(Short web captions)
++++++++++
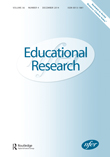 Cover image for Educational Research, Volume 56, Issue 4, 2014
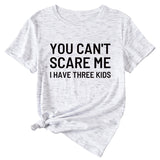 Women's Letter Print You Can't Scale Me Casual Round Neck Short Sleeves Shirt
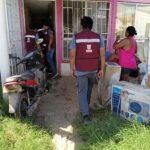 Continúa el apoyo y atención a la población damnificada por el huracán John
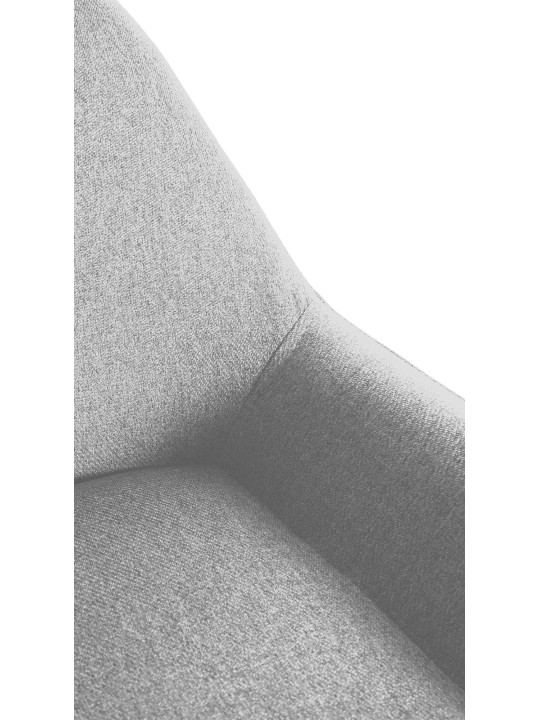 2 baarituolien sarja Braga Gold Fabric, harmaa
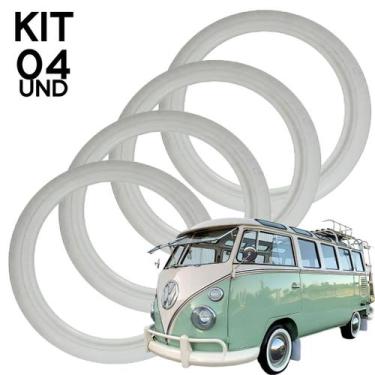 Imagem de Jogo Com 04 Faixas Brancas Para Pneus Aro 15 - Estreita - PNEUCENTER 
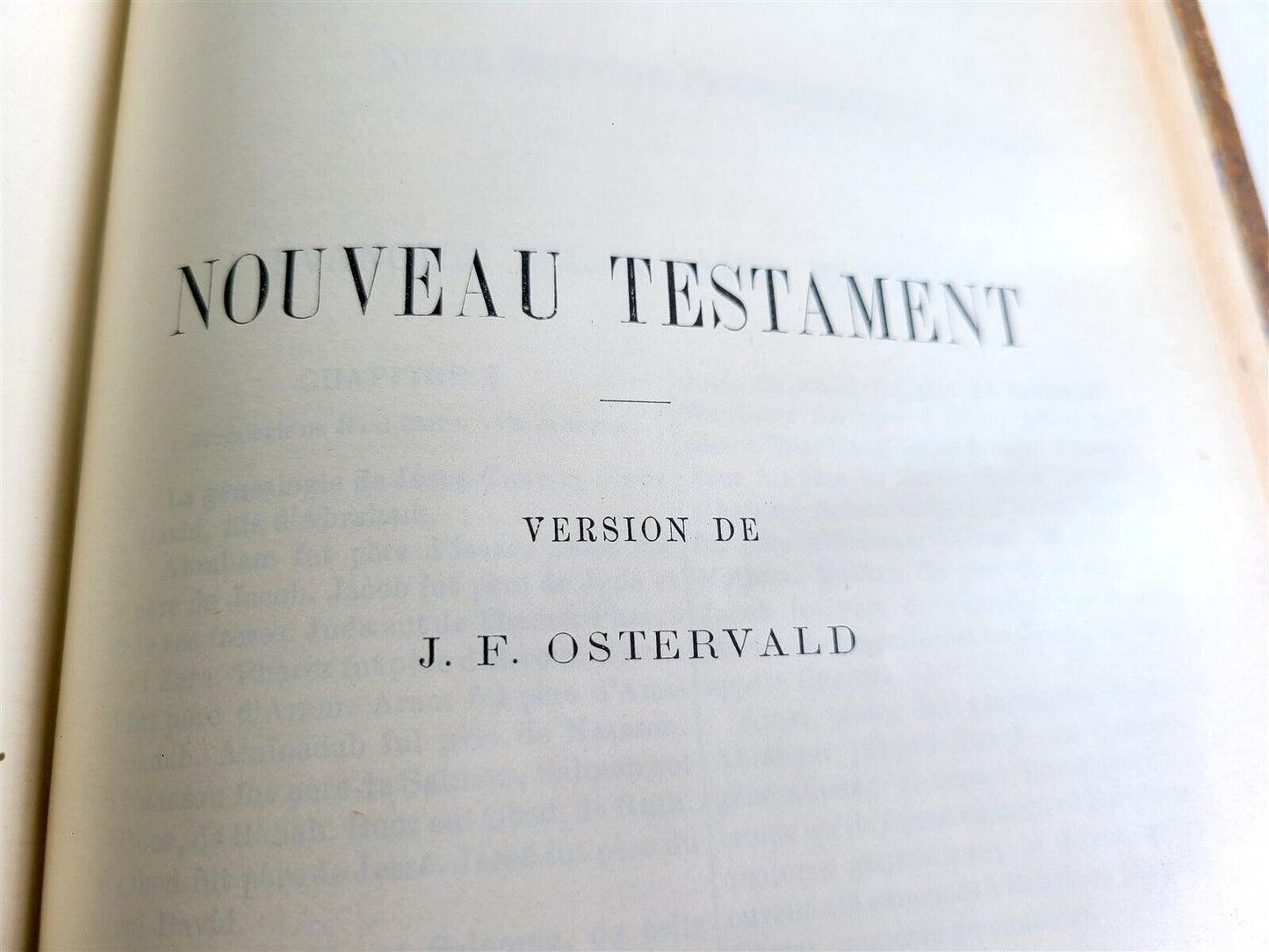 1896 FRENCH BIBLE LA SAINTE BIBLE antique Old and New Testament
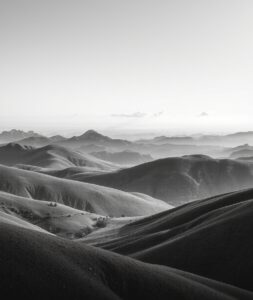 Shades of Grey: A Monochrome Landscape – free AI stock image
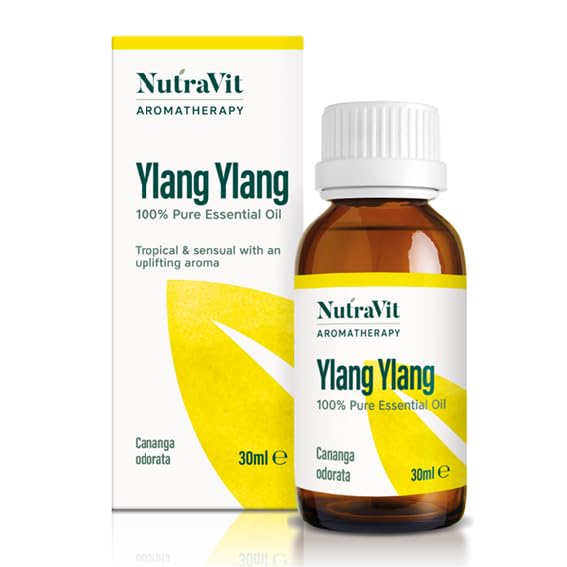 NutraVit - Madagascan Ylang Ylang Oil | 100% Pure Ylang Ylang Essential Oil - 30ml - Therapeutic Grade Aromatherapy Oil - Diffuser, Humidifier, Massage, Stress Relief & Hair Growth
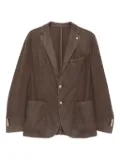 L.B.M. 1911 patch-pocket blazer - Brown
++++++++++
• [What to produce]:
Without including any pictures, copy every line above exactly.

• [Solution for this exercise]:
 Cover image for Educational Research, Volume 56, Issue 4, 2014
 Women's Letter Print You Can't Scale Me Casual Round Neck Short Sleeves Shirt
 Continúa el apoyo y atención a la población damnificada por el huracán John
 2 baarituolien sarja Braga Gold Fabric, harmaa
 Imagem de Jogo Com 04 Faixas Brancas Para Pneus Aro 15 - Estreita - PNEUCENTER 
 1896 FRENCH BIBLE LA SAINTE BIBLE antique Old and New Testament
 Shades of Grey: A Monochrome Landscape – free AI stock image
 NutraVit - Madagascan Ylang Ylang Oil | 100% Pure Ylang Ylang Essential Oil - 30ml - Therapeutic Grade Aromatherapy Oil - Diffuser, Humidifier, Massage, Stress Relief & Hair Growth
 L.B.M. 1911 patch-pocket blazer - Brown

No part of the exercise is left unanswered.